Respondent summoned petitioner's personal bank records and the bank records from his law practice in determining his income. Respondent used the specific-item method to compute this income. Respondent counted as income the amounts of checks that were written to petitioner and deposited into his personal bank account, from his law firm's client trust account, or from his law firm's operating account. Respondent also included as income payments made to petitioner's family members, payments made on an obligation relating to petitioner's personal residence, and income reported by third-party payors. Most of petitioner's income is from checks written directly to him. Respondent refers to the income petitioner received from his law practice and through other sources as constructive dividends.

On October 3, 2005, petitioner timely petitioned this Court for redetermination of the deficiencies and additions to tax for the taxable years 1997 through 2002.

OPINION

Petitioner bears the burden of proving by a preponderance of evidence that respondent's income tax deficiency determinations in the notice of deficiency are incorrect. See   sec. 7491(c); Rule 142(a)(1); Welch v. Helvering,   290 U.S. 111, 115 [12 AFTR 1456] (1933).

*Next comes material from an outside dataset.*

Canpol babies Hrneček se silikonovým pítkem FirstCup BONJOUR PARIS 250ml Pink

Petitioner acknowledged that he failed to file tax returns and to pay taxes, including estimated taxes, for the years at issue. He filed requests for extensions of time to file tax returns for years 1997 through 2000 without payment, except for tax years 1998 and 2000 when he made a payment of $100 for each year. He stipulated that he received dividends from his law practice and from other sources for the years at issue. He stipulated that he earned interest income for all years at issue and received a premature distribution from his pension account for 1998. Finally, petitioner stipulated that he received income from an S corporation from 2000 through 2002 and from gambling winnings in 1999, 2000, and 2002. Nevertheless, petitioner argues that he lacked the intent to evade taxes.

Petitioner also contests the inclusion in income of certain amounts he deposited into and then withdrew from his law firm's client trust and operating accounts. Although petitioner admits that he wrongly deposited the funds into his law firm accounts, he argues that the funds originated from nontaxable sources. Petitioner testified to the specific instances where he alleges respondent wrongly included in income money from different sources. Respondent counters that petitioner has failed to introduce any credible evidence to support his argument that receipts from nontaxable sources were included in income.

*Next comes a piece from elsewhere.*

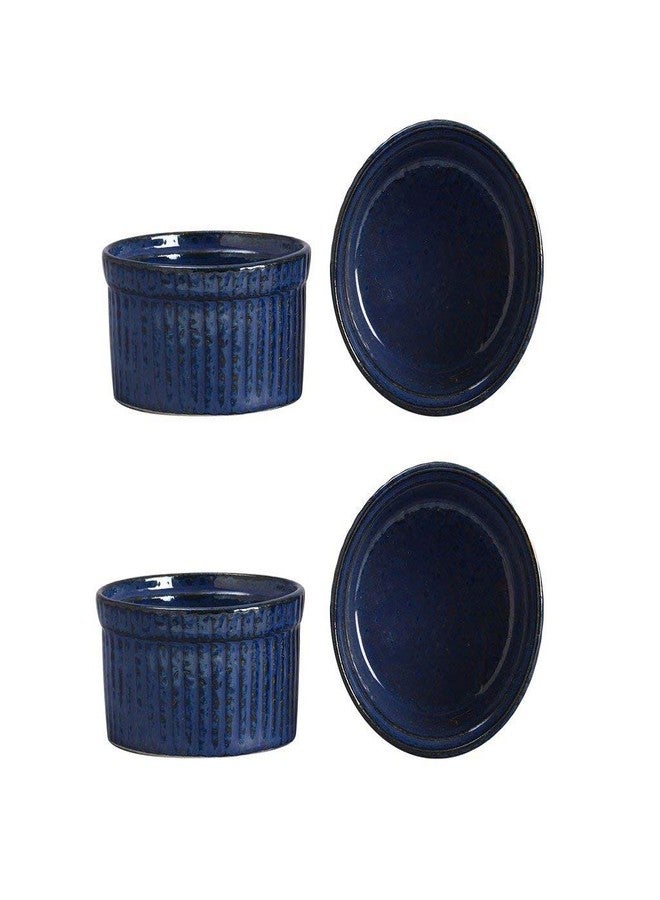 Caffeine Ceramic Handmade Blue Metallic Ramekins Bowl (Set of 6) - Image 2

I. Constructive Dividends Respondent asserts that constructive dividend income should be imputed to petitioner for amounts both from his law practice and from other sources for the years 1997 through 2002.

A constructive dividend arises when a corporation confers an economic benefit upon a shareholder without expectation of repayment if the corporation has sufficient earnings and profits. Loftin & Woodard, Inc. v. United States,   577 F.2d 1206, 1214 [42 AFTR 2d 78-5637] (5th Cir. 1978); Crosby v. United States,   496 F.2d 1384, 1388 [34 AFTR 2d 74-5371] (5th Cir. 1974); Truesdell v. Commissioner,   89 T.C. 1280, 1295 (1987). Corporate payments to a shareholder which confer personal benefits on the shareholder may constitute constructive dividends whether or not dividends are formally declared. Noble v. Commissioner,   368 F.2d 439, 442 [18 AFTR 2d 5982] (9th Cir. 1966), affg.   T.C. Memo. 1965-84 [¶65,084 PH Memo TC].

The evidence in this record clearly establishes that petitioner did not separate his personal transactions and expenses from those of his law firm. He paid personal expenses with corporate checks.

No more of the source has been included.